§ **WORK REQUEST**: Leave the pictures aside and give back every entry below word for word.

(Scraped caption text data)
━━━━━━━━━━━━━━━━━━━━

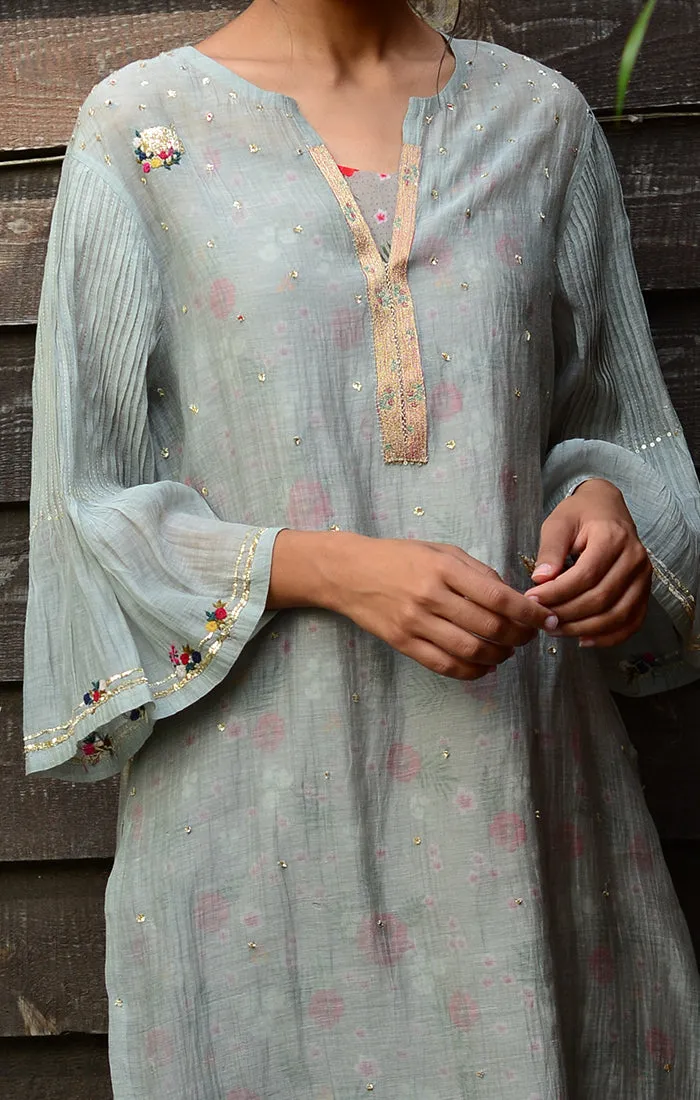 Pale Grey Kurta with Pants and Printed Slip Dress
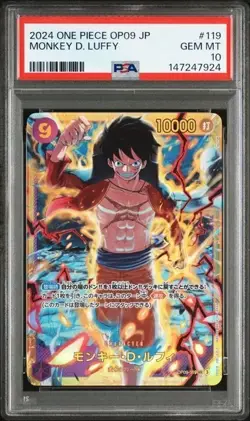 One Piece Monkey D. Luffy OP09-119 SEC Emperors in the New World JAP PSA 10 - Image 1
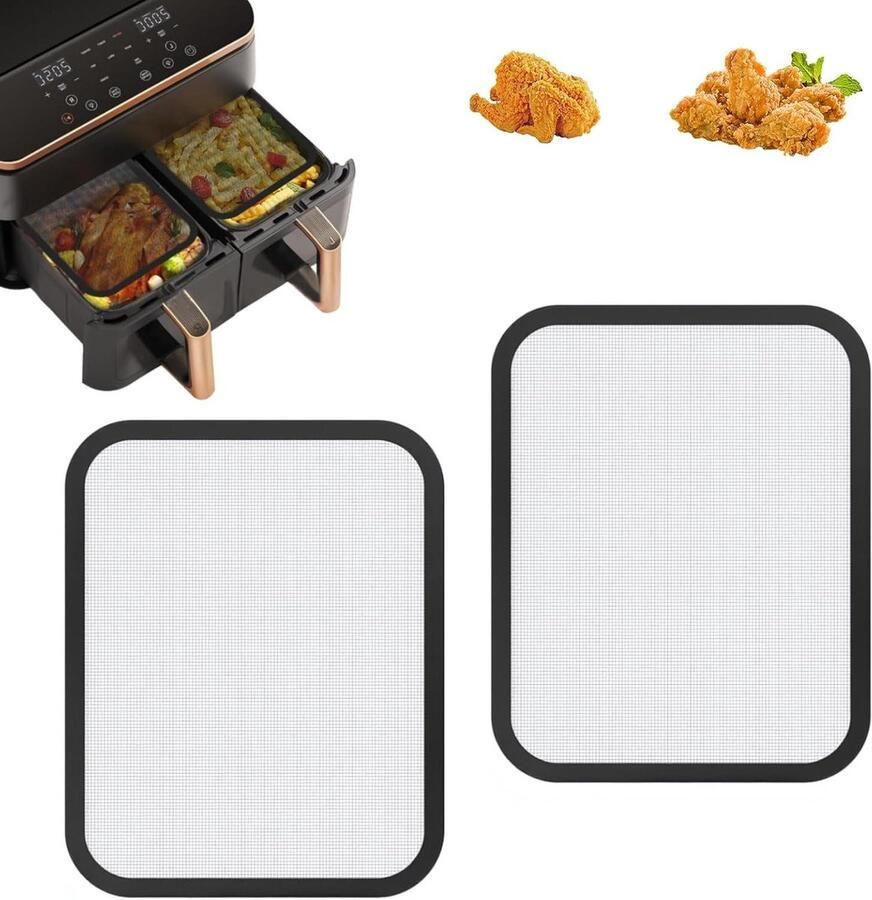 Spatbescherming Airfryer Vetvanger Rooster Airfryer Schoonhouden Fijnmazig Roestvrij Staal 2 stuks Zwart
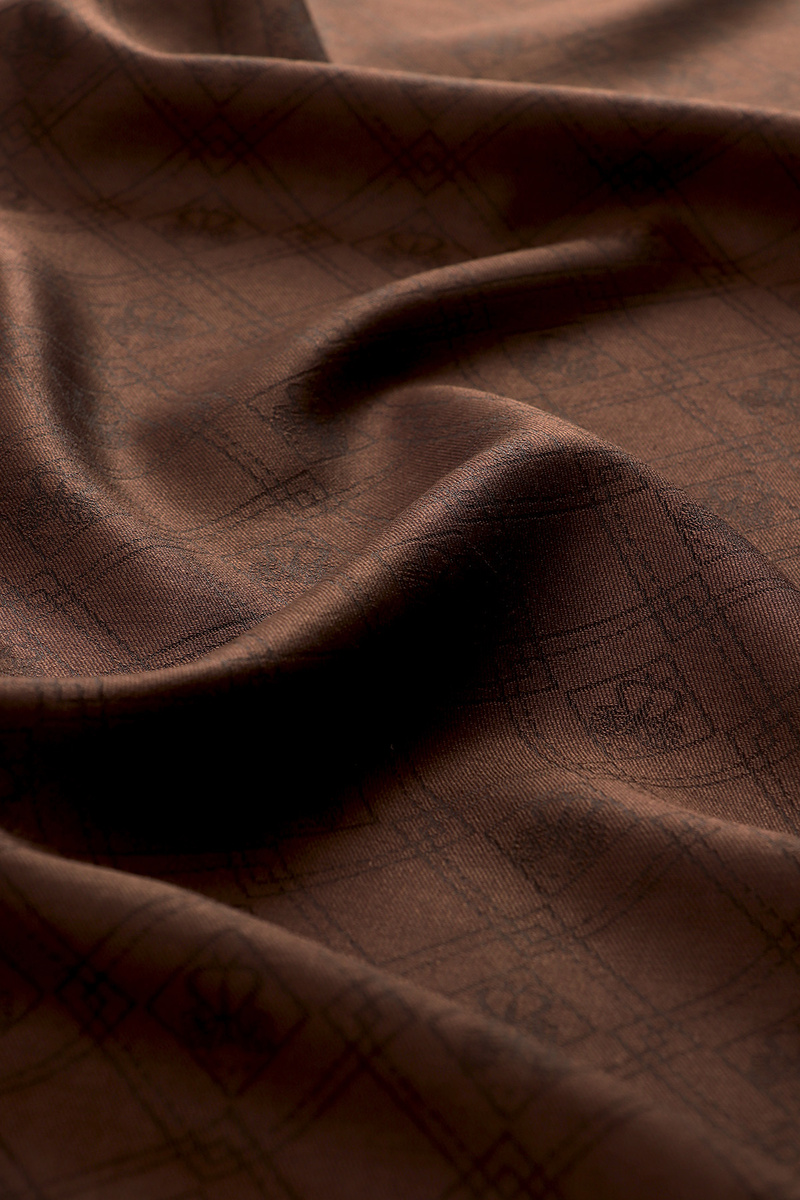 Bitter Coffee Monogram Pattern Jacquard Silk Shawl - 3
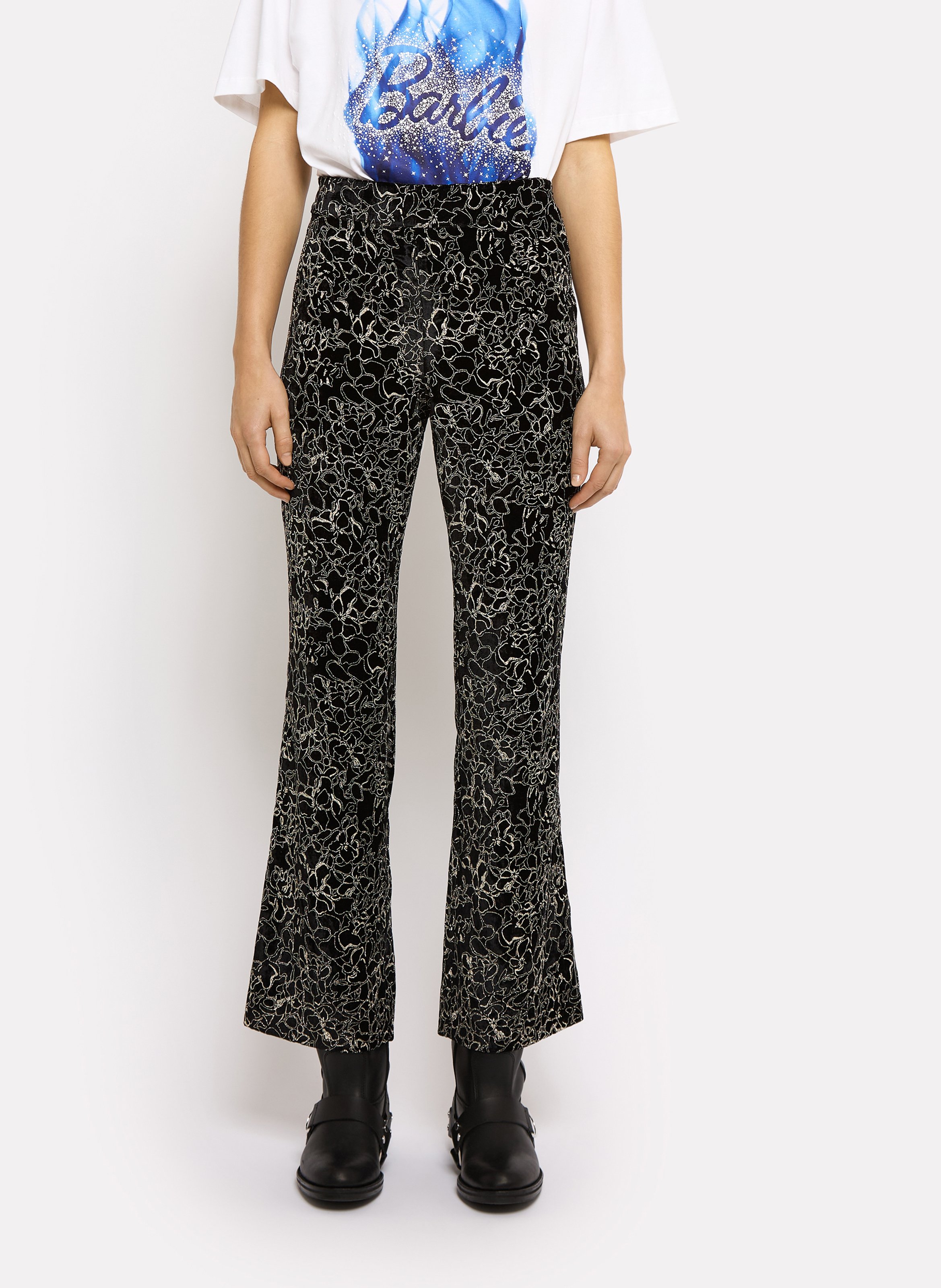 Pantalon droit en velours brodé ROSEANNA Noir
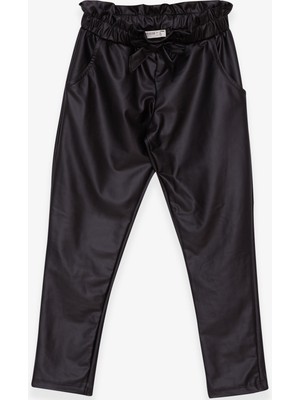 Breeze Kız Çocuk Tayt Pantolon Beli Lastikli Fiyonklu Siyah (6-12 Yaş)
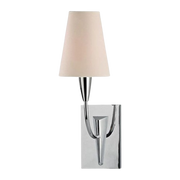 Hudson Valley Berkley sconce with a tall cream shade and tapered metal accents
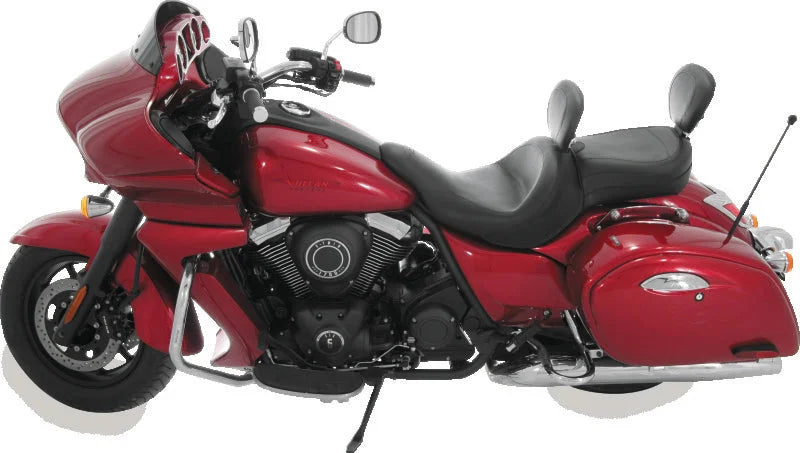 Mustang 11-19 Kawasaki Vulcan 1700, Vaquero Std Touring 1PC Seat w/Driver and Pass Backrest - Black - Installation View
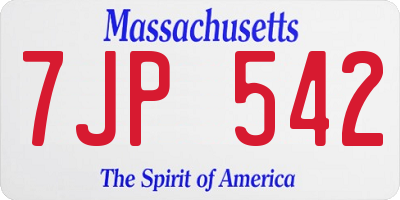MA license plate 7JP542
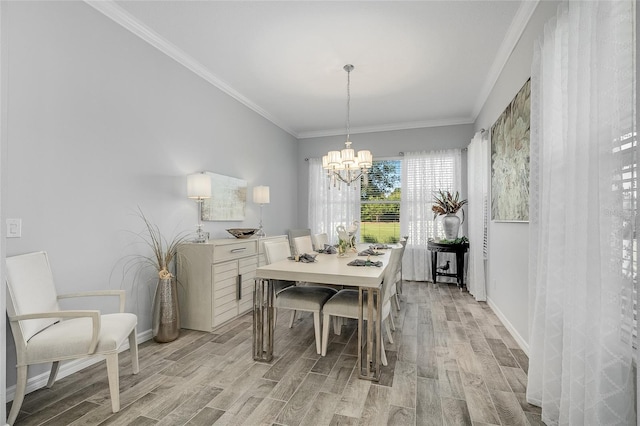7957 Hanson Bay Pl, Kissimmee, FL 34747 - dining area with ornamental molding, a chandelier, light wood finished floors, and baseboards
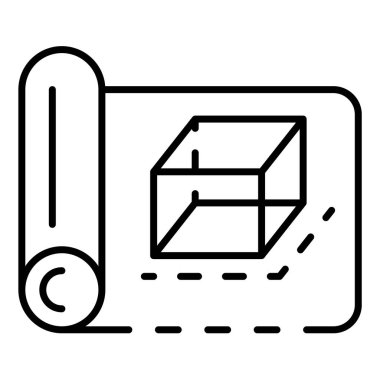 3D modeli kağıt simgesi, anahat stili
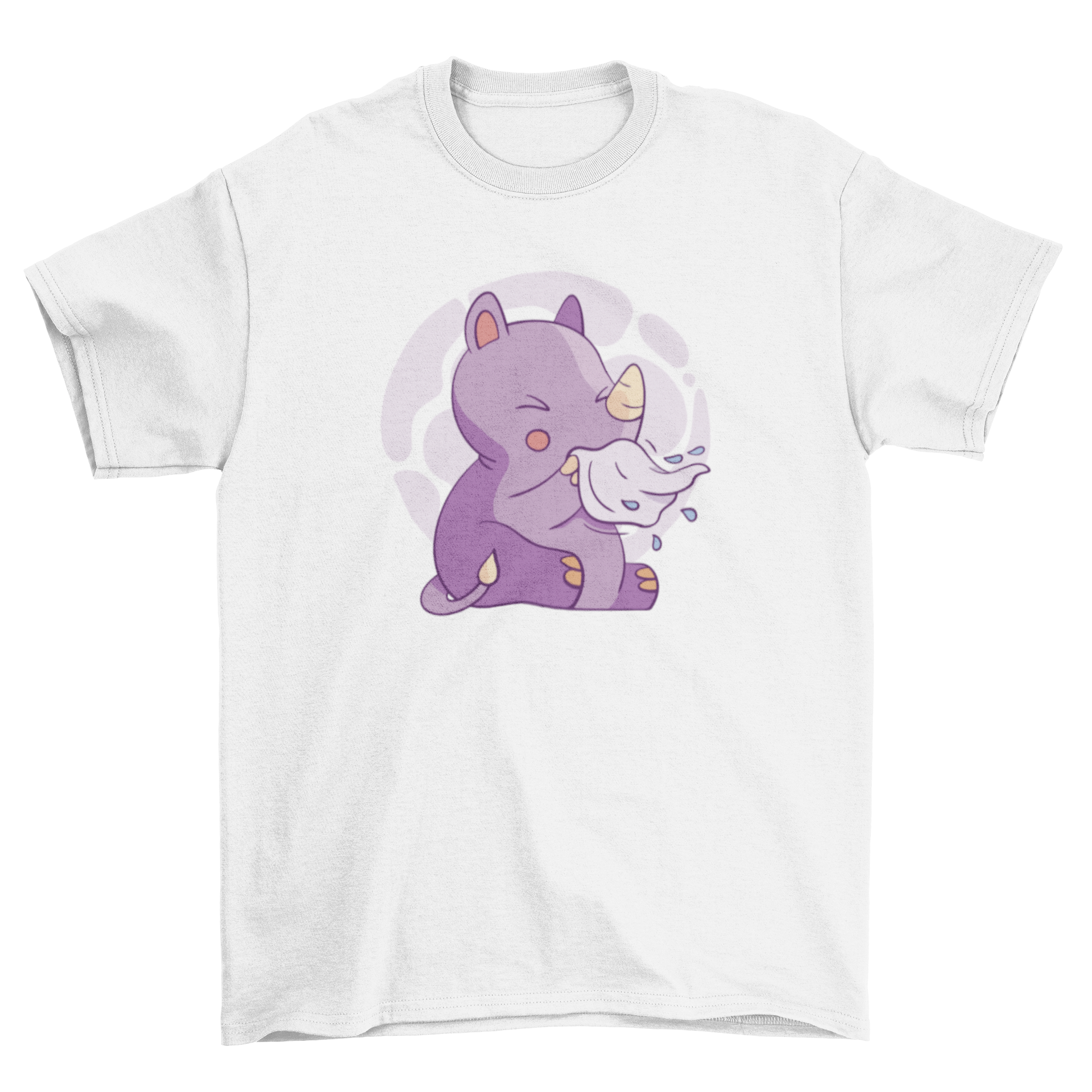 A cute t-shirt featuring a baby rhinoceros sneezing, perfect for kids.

━━━━━━━━━━━━━━━━━━━━

§ **RESPONSE FOR THIS EXERCISE**:
 Pale Grey Kurta with Pants and Printed Slip Dress
 One Piece Monkey D. Luffy OP09-119 SEC Emperors in the New World JAP PSA 10 - Image 1
 Spatbescherming Airfryer Vetvanger Rooster Airfryer Schoonhouden Fijnmazig Roestvrij Staal 2 stuks Zwart
 Bitter Coffee Monogram Pattern Jacquard Silk Shawl - 3
 Pantalon droit en velours brodé ROSEANNA Noir
 Breeze Kız Çocuk Tayt Pantolon Beli Lastikli Fiyonklu Siyah (6-12 Yaş)
 Hudson Valley Berkley sconce with a tall cream shade and tapered metal accents
 Mustang 11-19 Kawasaki Vulcan 1700, Vaquero Std Touring 1PC Seat w/Driver and Pass Backrest - Black - Installation View
MA license plate 7JP542
7957 Hanson Bay Pl, Kissimmee, FL 34747 - dining area with ornamental molding, a chandelier, light wood finished floors, and baseboards
 3D modeli kağıt simgesi, anahat stili
 A cute t-shirt featuring a baby rhinoceros sneezing, perfect for kids.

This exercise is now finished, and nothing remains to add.